ADWandNewHomeR.jpg100 years ago, my grandfather wasn't just the happiest man in Cleveland. To hear him tell it, he was the happiest man on earth. Winning a new house the same week he becomes a father for the first time can do that for a man.

That's him in the front yard, pointing to the new bungalow he had just won as first prize in a local newspaper contest. He was grateful for his good fortune, but then again, they say luck is where preparedness and opportunity meet.

In June of 1912, Albert D. ("Bert") Wismar was a married 29-year old, and the proud father of a newborn baby girl. He worked as an accountant at the Struthers Furnace company in their downtown Cleveland offices. By all accounts, Wismar was a hard worker, and he and his wife Sadie tried to save all they could, with an eye toward eventually buying a home of their own.

Wismar had moved to Cleveland from the family farm near Bowling Green, Ohio. The small town of Custar was the location his grandfather had chosen to buy land when he came to America from Germany in 1866. Bert's dad Fred was a teenager when the family arrived from the old country to farm in Ohio, and Bert was the fifth of Fred's ten children.

Uphill Both Ways

Bert was the only one of Fred Wismar's kids to pursue higher education, and to do it he had to regularly bicycle the 80 miles from Custar to Tri-State University in Angola, Indiana for his teacher training. After working as a teacher in Wood County for a couple years, Bert came to the big city around the turn of the century, and took up accounting, eventually working his way into a lead accounting position with the furnace company.

The family shared a double house on Preston Rd. in East Cleveland, but the baby meant they needed more room, and the couple talked often of their dream house, maybe even one "on the Heights". In what spare time he did have, Wismar was an avid participant in contests of all sorts. He and an uncle in Detroit engaged in a friendly competition, taking each other on in ventures like the "booklovers' contest" sponsored that year by The Cleveland News

Bert's Big Week

All that practice paid off in June of 1912, when Wismar was notified that he had won the first prize in the News' contest...a $6,000 bungalow in what they were then calling "Mayfield Heights". Actually, that meant near the top of Mayfield Road hill in what is now Cleveland Heights, in the neighborhood where Superior, Euclid Heights Blvd, Mayfield and Lee Road all converge near Cumberland Park.

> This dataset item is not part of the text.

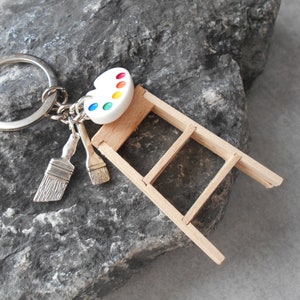 Op de afbeelding: Een zilveren sleutelhanger met miniatuur bedels met schilderthema. Het bevat een wit verfpalet met gekleurde verfvlekken, twee penselen en een kleine houten ladder. De sleutelhanger is geplaatst tegen een grijze stenen achtergrond.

The cascade of blessings in the same week was overwhelming to the young man. "Joy unrestrained fairly shone in the eyes and the whole being of the happy man," said the News' reporter of Wismar's reaction to his good fortune. "What haven't I now?" he wondered. "I believe I am the happiest man on earth."

Happy, but not lucky. Winning this house was something Wismar had decided not to leave to hope. He and Sadie had even walked up to the heights to scope out the house on Somerton Rd. they knew was the top prize in the newspaper's contest. And the young accountant was diligent and meticulous in his pursuit of the prize.

The Contest

The Cleveland News furnished readers with a 32-page booklet containing a list of over 4,000 books with authors' names. Over a three month period beginning in December, 1911, they published 77 different cartoon-style drawings in the paper, each one representing one of the book titles in the booklet.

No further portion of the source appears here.